Statistical Machine Learning by using Jupyter Notebook Problem

For this HW, we will pretend that we only have 1000 images of the MNIST dataset.

We will begin first with what we had in our videos:

#commonly used imports
import numpy as np
import matplotlib as mpl
import matplotlib.pyplot as plt

#get data from sklearn
from sklearn.datasets import fetch_openml
mnist = fetch_openml('mnist_784', version=1, as_frame=False)

#get the attributes and labels
X, y = mnist["data"], mnist["target"]

#convert labels from characters to numbers
y = y.astype(np.uint8)

#split into training and test sets
X_train, X_test, y_train, y_test = X[:60000], X[60000:], y[:60000], y[60000:]

Suppose we decide on a Decision Tree Classifier (covered later in Chapter 6). There are two hyperparameters we will fine tune for now: max_leaf_nodes and min_samples. Let’s fine tune these using the following code.

from sklearn.tree import DecisionTreeClassifier
from sklearn.model_selection import GridSearchCV

#setup the decision tree
dt_clf = DecisionTreeClassifier( random_state=30)

#the hyperparameters to search through
params = {'max_leaf_nodes': list(range(2, 100)), 'min_samples_split': [3,4, 5]}

#initialize the GridSearch with 3-fold cross validation
grid_search_cv = GridSearchCV(dt_clf, params, verbose=1, cv=3)

#do the search (but only on the first 1000 images)
grid_search_cv.fit(X_train[:1000], y_train[:1000])

What are the best hyperparameters?

Now, let’s fit the training data (again pretending to only have the first 1000 images).

dt_clf = grid_search_cv.best_estimator_
dt_clf.fit(X_train[:1000], y_train[:1000])

Let’s now obtain cross-validation accuracy scores with this fine-tuned model

from sklearn.model_selection import cross_val_score
cross_val_score(dt_clf, X_train[:1000], y_train[:1000], cv=3, scoring="accuracy")

How accurate are your three folds?

If we only had 1000 images and we wanted more to train on, we could do what is known as data augmentation. The augmentation we will do here is to shift the images we do have. For each of the 1000 images, we shift one pixel up, left, right, and down. So this will give us four more images to add to our training. Data augmentation such as this is a very useful technique when there are not enough training instances. If you run the following code, you will see an example of the first image shifted.

from scipy.ndimage.interpolation import shift
def shift_image(image, dx, dy):
image = image.reshape((28, 28))
shifted_image = shift(image, [dy, dx], cval=0, mode="constant")
return shifted_image.reshape([-1])

image = X_train[0]
shifted_image_down = shift_image(image, 0, 5)
shifted_image_left = shift_image(image, -5, 0)

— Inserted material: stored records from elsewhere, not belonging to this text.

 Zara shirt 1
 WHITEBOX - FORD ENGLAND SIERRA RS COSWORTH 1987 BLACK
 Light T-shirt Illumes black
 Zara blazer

plt.figure(figsize=(12,3))
plt.subplot(131)
plt.title("Original", fontsize=14)
plt.imshow(image.reshape(28, 28), interpolation="nearest", cmap="Greys")
plt.subplot(132)
plt.title("Shifted down", fontsize=14)
plt.imshow(shifted_image_down.reshape(28, 28), interpolation="nearest", cmap="Greys")
plt.subplot(133)
plt.title("Shifted left", fontsize=14)
plt.imshow(shifted_image_left.reshape(28, 28), interpolation="nearest", cmap="Greys")
plt.show()

To shift all of our images and add them to a training data set, we can use the following code:

X_train_augmented = [image for image in X_train[:1000]]
y_train_augmented = [label for label in y_train[:1000]]

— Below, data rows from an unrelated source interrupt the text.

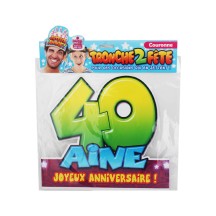 Couronne 40 ans anniversaire pas cher – Fiesta Factory
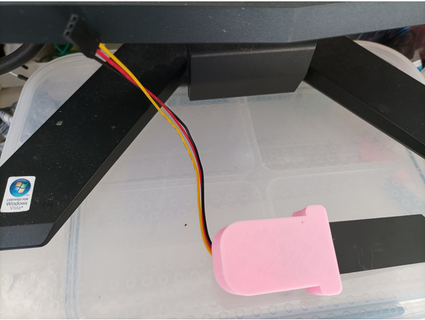 capacitivo suolo mousse sensor v12 scatola n800sau 3d print model - Mito3D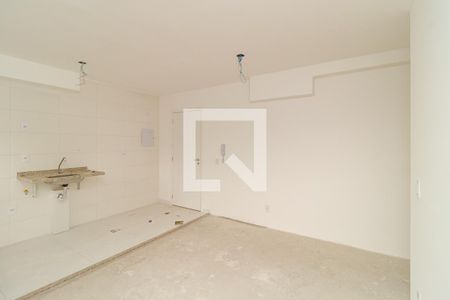 Sala de apartamento à venda com 1 quarto, 34m² em Parada Inglesa, São Paulo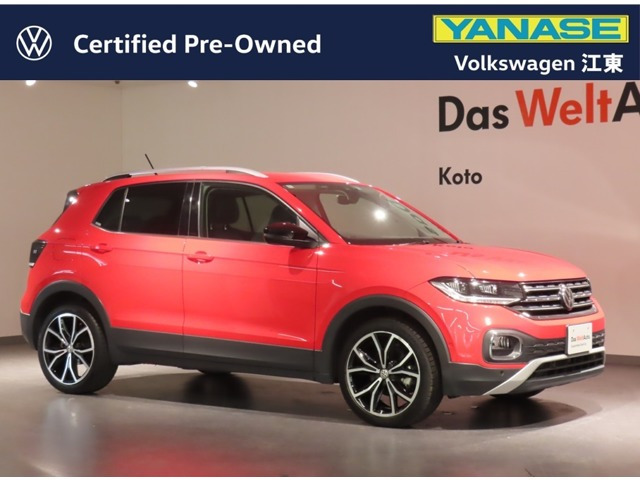 T-CrossTSI 1st プラス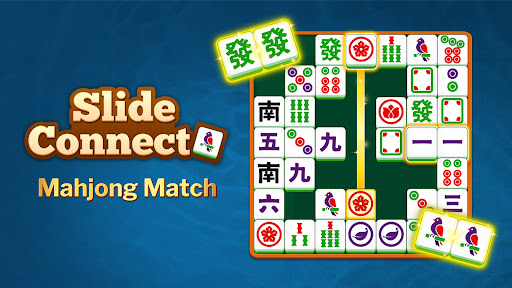 Slide Connect: Mahjong Match screenshot
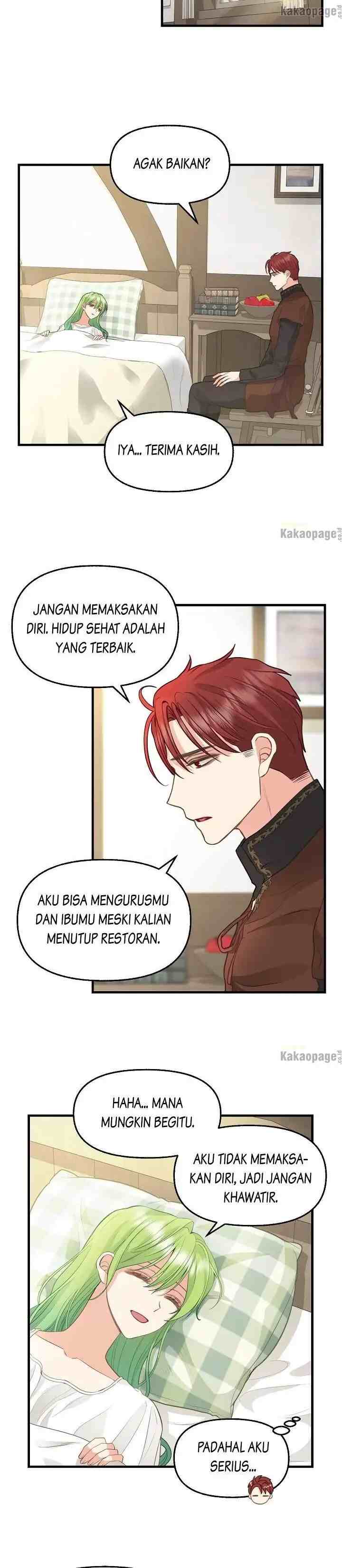 Just Leave Me Be chapter 74 halaman 7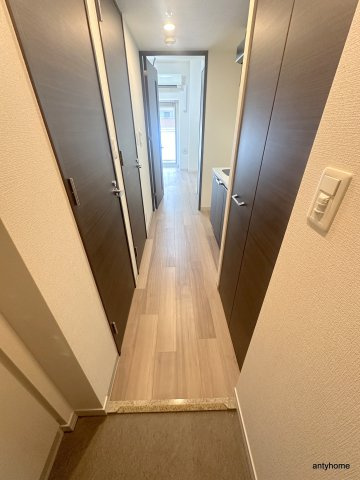 エスキュート京町堀　仲介手数料無料の内装
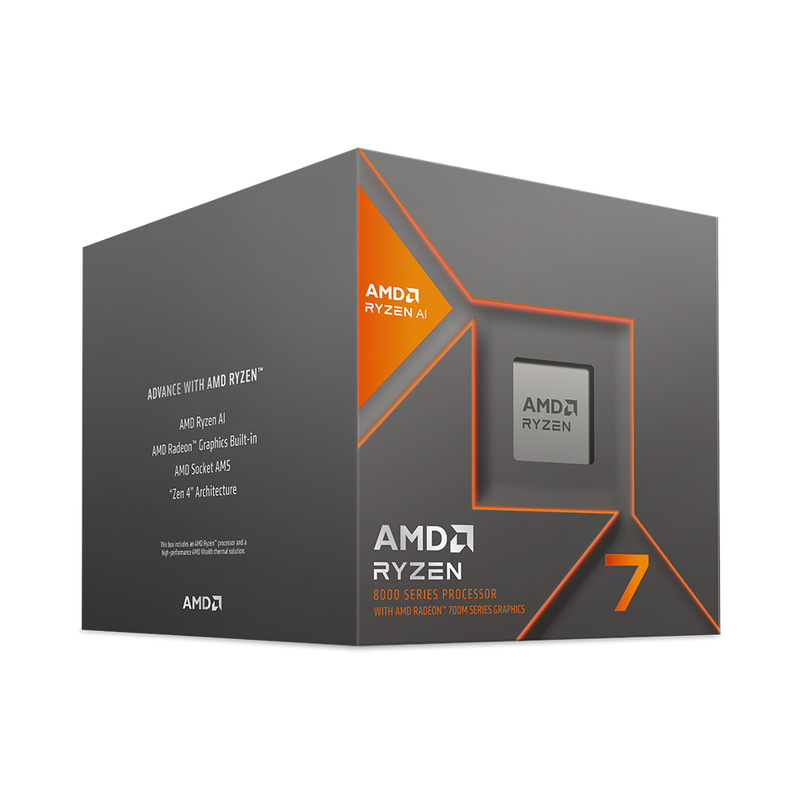 AMD 라이젠5-5세대 8700G (피닉스) (정품)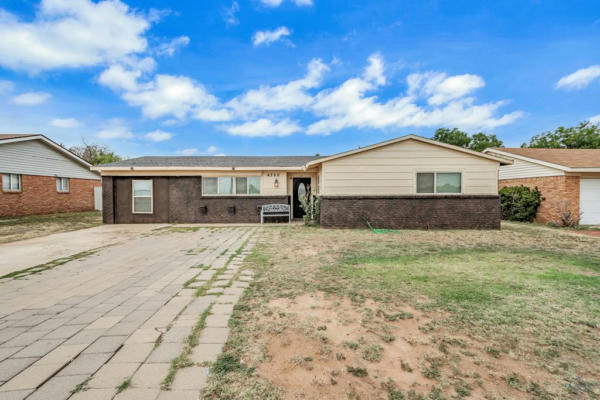 4320 W CUTHBERT AVE, MIDLAND, TX 79703 - Image 1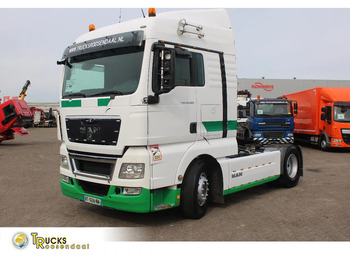 Tractor MAN TGX 18.480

for dx, dy in ((1, 0), (-1, 0), (0, 1), (0, -1)):
for image, label in zip(X_train[:1000], y_train[:1000]):
X_train_augmented.append(shift_image(image, dx, dy))
y_train_augmented.append(label)

X_train_augmented = np.array(X_train_augmented)
y_train_augmented = np.array(y_train_augmented)

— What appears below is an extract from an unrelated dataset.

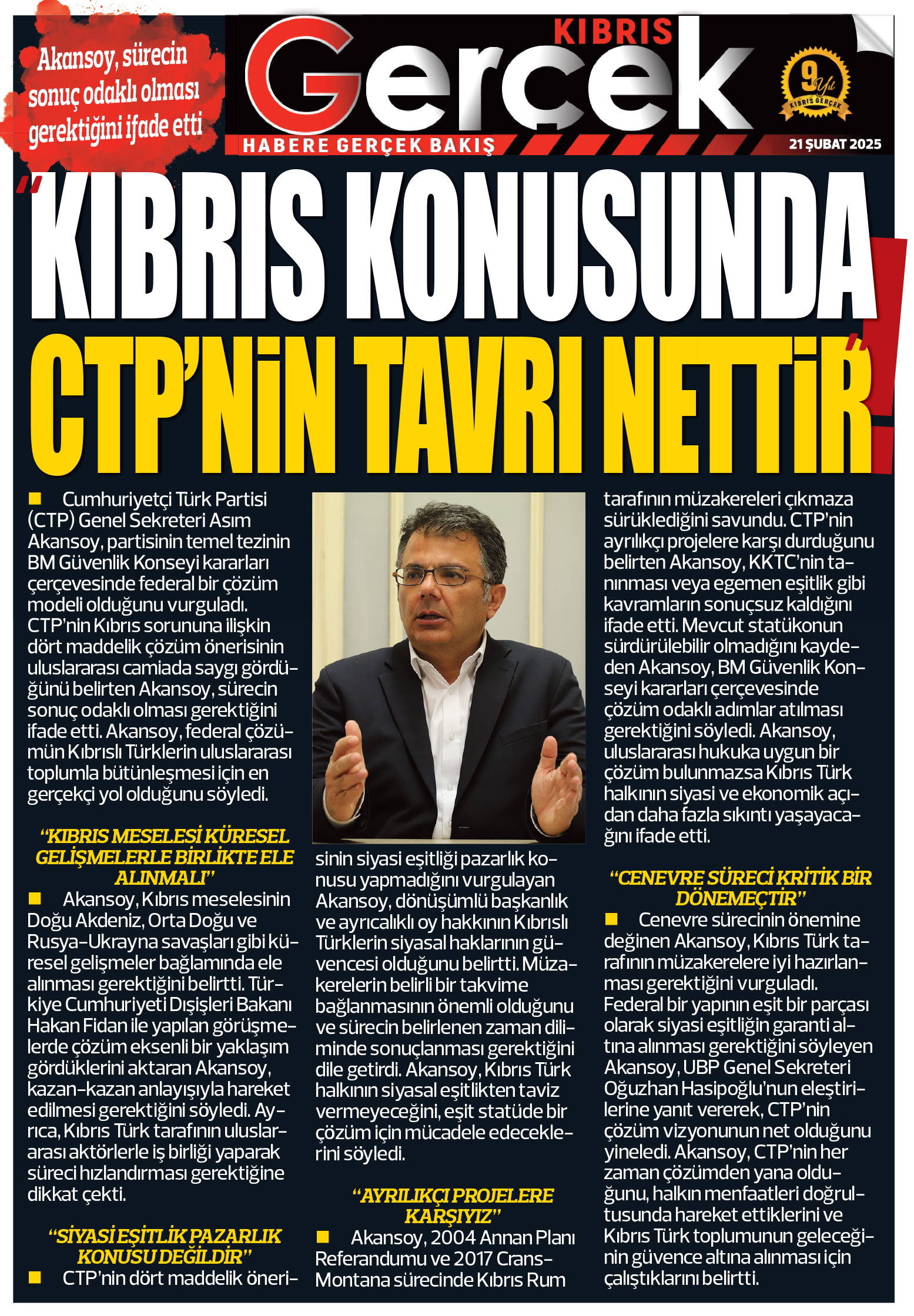 21 Subat 2025 Kibris Gercek Mansetkg (22)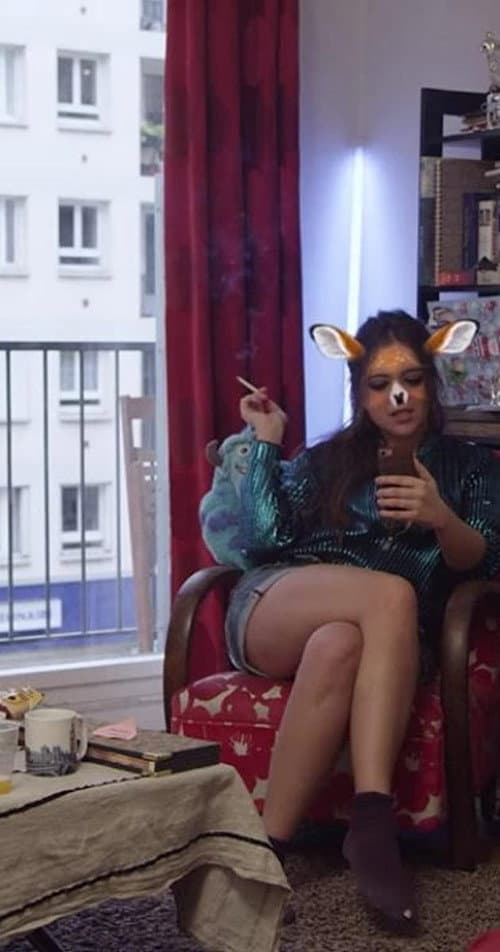 Je suis une biche (2017) poster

You now have 5000 images in the X_train_augmented and y_train_augmented sets (the 1000 original images and each image was shifted up, down, left, and right).

Let’s now fine-tune and fit a decision tree classifier using this augmented training data.

dt_clf = DecisionTreeClassifier( random_state=30)
params = {'max_leaf_nodes': list(range(2, 100)), 'min_samples_split': [3,4, 5]}
grid_search_cv = GridSearchCV(dt_clf, params, verbose=1, cv=3)

#This will take around 10 minutes to run
grid_search_cv.fit(X_train_augmented, y_train_augmented)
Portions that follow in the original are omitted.